Monday, Oct. 08, 1945

Anatomy of Failure

Before the Council of Foreign Ministers met in London, Britain's Ernest Bevin told a friend: "If Molotov bangs his fist on the table and yells at me, I will bang my fist and yell right back at him." This childishness, not to be confused with toughness, befitted neither the great tradition of British diplomacy nor the dire necessities of 1945.

Foreign Commissar Molotov was tougher than ever before, and more tightly bound by his instructions. U.S. Secretary of State Byrnes offered him a compromise (virtually excluding France from Balkan discussions) which was generous to the point of humiliation. Molotov cabled home for instructions, got an answer: "Stick to your brief."

"A Little Bomb." At a dinner party, one of the conference's few pleasant interludes, Molotov said of Byrnes: "He doesn't need to persuade anyone. He just has to hold up a little bomb." A delegate who heard him remarked: "Mr. Molotov never makes jokes just to be funny." Undoubtedly, Mr. Molotov did not think the atomic bomb was funny.

More than at any former conference of World War II and its unpeaceful peace, the negotiators struck attitudes and took extreme positions for the sheer sake of bargaining.
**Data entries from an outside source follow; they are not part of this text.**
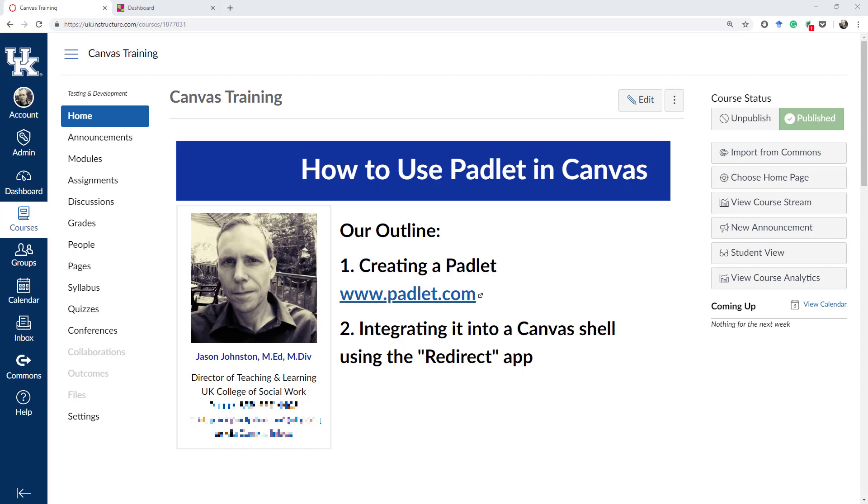Hey everybody, Jason Johnston here, and today we are going to look at how to integrate Padlet into Canvas. We are basically going to go through two steps, which is how to create a Padlet at padlet.com, and then how to integrate it into Canvas shell using the redirect app.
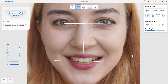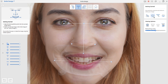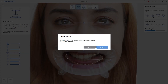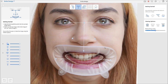Next is the Switch Images feature. Use this when the order of the smile image and retracted mouth image is switched. In Getting Started, the guidelines must be set based on the smile image. If the retracted mouth image is at the top, use Switch Images to switch the order.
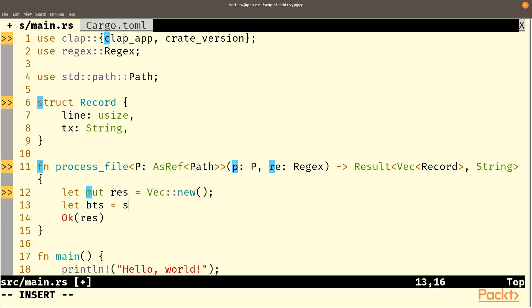Let bts equals standard fs. And we're going to read as byte the file. And that is p. Now this returns a result, obviously, because it's going to be doing something with the file system. That file might not exist. There are many things that could be wrong with that.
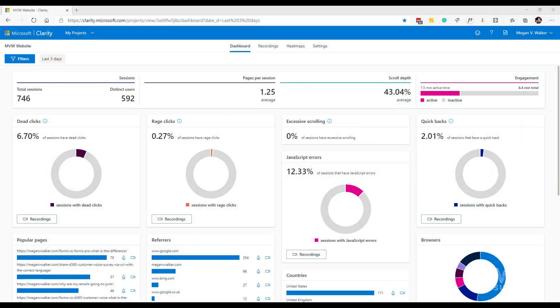In this video we're going to look at an overview of the dashboard in Microsoft Clarity. This assumes you've already gone into the settings, set up your project, got the tracking code, and applied it to your website. What we can see here is that it automatically adds a filter at the top to look at the last three days of data. We're going to keep that filter, and I'll cover filters in more detail in another video.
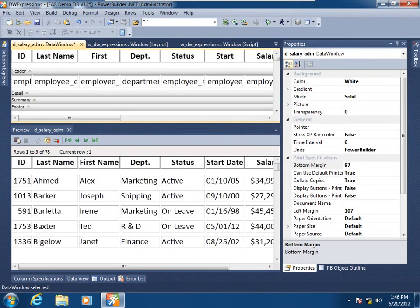In a data window expression, you can combine column names, logical and arithmetic operators, constant values, and names of other data window properties, all resulting in a value.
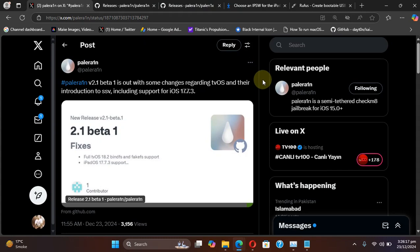That's all for this quick update for the Palera1n jailbreak. I will see you in a new video. Goodbye and take care of yourself.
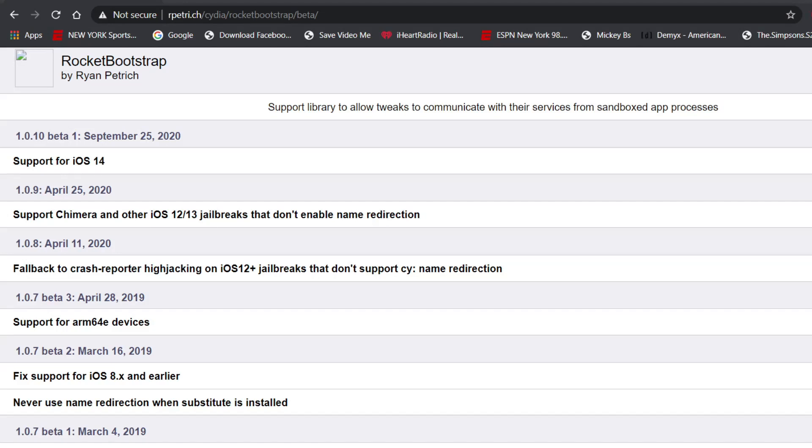So again, I recommend checking out the link in the description below. Please do so if you are having issues. I would want to hear from anybody if it's working on iOS 14 because I know it's working for me.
Quibbling over details had vastly increased. Molotov won no friends by arguing for an hour and 40 minutes over the wording of a conference communique, later issuing his own statement.

He jumped the gun on two issues: Japan (see below) and Hungary. He knew the U.S. was prepared to recognize Hungary. But, instead of waiting until that happened, his Foreign Office announced one-way Soviet recognition plus a trade treaty. The Russian-influenced Hungarian press played up the Russian move, barely mentioned the U.S. gesture.
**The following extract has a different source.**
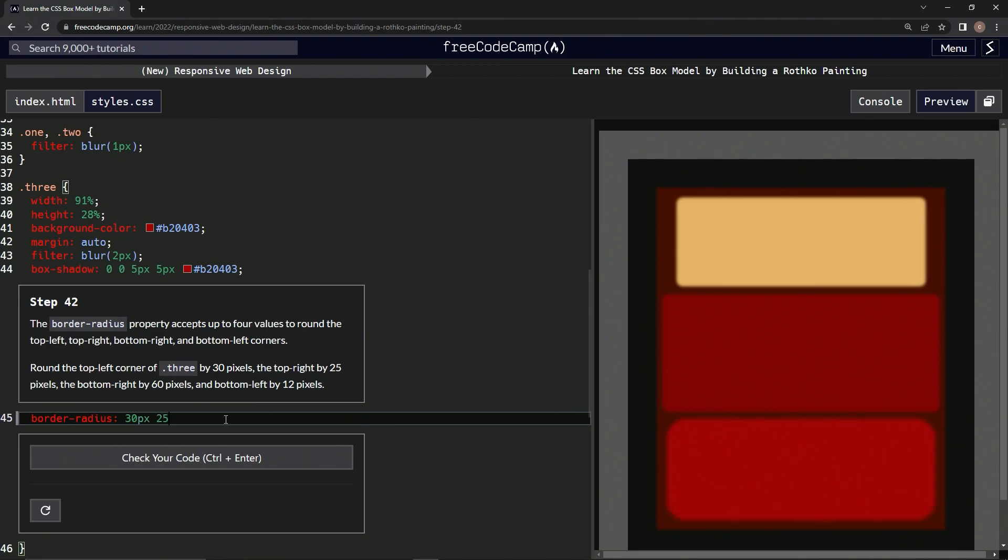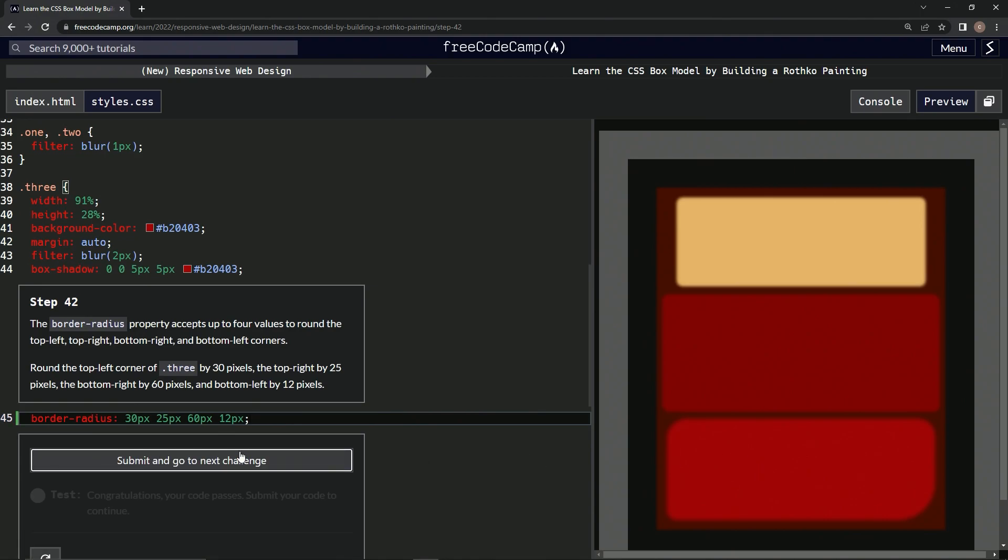25px 60px and 12px semicolon. All right, now it looks like this and let's check it.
The Russians deserved much of the blame. But the others were not without sin. The U.S. delegation was badly briefed. Within the delegation, sharp differences developed. To some observers, Byrnes gave the impression of a man who had already convinced himself that Europe's problems were insoluble. This attitude encouraged the Russians to doubt that a strong U.S. position would be maintained very long.

To What End? Such was the anatomy of failure in London. But the details were beside the point.
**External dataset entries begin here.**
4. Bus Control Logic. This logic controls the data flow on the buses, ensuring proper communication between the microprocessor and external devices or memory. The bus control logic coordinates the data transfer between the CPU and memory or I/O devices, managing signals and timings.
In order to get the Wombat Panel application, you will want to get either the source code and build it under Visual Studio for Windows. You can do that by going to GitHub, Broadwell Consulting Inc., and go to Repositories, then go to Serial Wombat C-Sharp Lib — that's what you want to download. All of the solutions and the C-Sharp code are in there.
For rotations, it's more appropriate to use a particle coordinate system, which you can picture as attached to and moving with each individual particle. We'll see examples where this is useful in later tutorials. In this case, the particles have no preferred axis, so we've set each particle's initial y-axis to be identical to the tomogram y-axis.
The Council had only one purpose: to begin translating the Big Three agreement made in principle at Potsdam into workable, specific understandings. And Potsdam was a sequel of Teheran and Yalta. If the failure at London proved to be permanent, then the Big Three's whole structure of postwar peace--the United Nations Organization, Bretton Woods, etc.--would be doomed to failure. The "one world" of Roosevelt, Churchill and Stalin would be the world of blocs, East v. West, whose outlines showed nakedly in London. The spectacle alarmed everyone--especially the conferees who refused to assume that the better world was lost.